A final journey that harkens back with some nostalgia and resonance to a previous era, when the steady beat of brightly-shod horses’ hooves often echoed along the country roads and lanes.
At a sedate walking pace the bright chesnut coloured Suffolk Punch, draws the solidly built country
harvest wagon, with ease and with little demand from his immense and understated strength.
The Suffolk punch takes all in his stride.
For those wishing for a final journey of note, consider the choice of horse-drawn funeral
carriages available. Like the heritage of our horses, the vehicles we offer are of a traditional
nature, fully reliable and maintained to a high standard. The heavy horse team notably
attends various country shows where the horses and the wagons display and compete
to promote the skills of heavy horsemanship.
Our ‘final journey’ horse-drawn transport is available to all funeral homes and service
providers. Should you wish to engage us, your funeral service provider can arrange this for you or you can contact us directly.
The ‘Winfarthing wagon’ illustrated in its blue and red livery, is a harvest wagon
most chosen as it conveys a distinct deference to those who were of the countryside.
The ‘Kilverstone wagon’ is a harvest wagon, with plain varnished wood, of a
robust build and great presence.
The ‘Timber wagon’ is a very simple but effective wagon, its original purpose being
to transport lengths of timber and trees.
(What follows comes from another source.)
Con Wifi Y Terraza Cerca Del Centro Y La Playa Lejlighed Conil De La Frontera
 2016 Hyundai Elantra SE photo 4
The horse-drawn omnibus from the turn of the 20th century provides sheltered transport
for six, whilst the Charabanc, of a similar era, provides uncovered transport for up to sixteen.
The Suffolk Horse is the oldest native breed of heavy horse in Great Britain, the recognised stallion
forebear for which was Crisp’s horse of Ufford foaled in 1768. Always chesnut
(traditional spelling) in colour the resplendent Suffolk is a mighty horse with exceptional
‘pulling power’, docile temperament, endurance and willingness to work and please.
Whilst Suffolks powered the East Anglian countryside in the age of the horse, and served faithfully
too, numbers since the advent of mechanization in the late 1940s and 1950s saw a dramatic decline
and the breed was in danger of being lost. In the early 1990s there were in the region of just 200
pure bred Suffolks left. A new enthusiasm for what is rightfully the living icon of East Anglia has
resulted in numbers steadily increasing with now some 500 British pure breed Suffolks evident.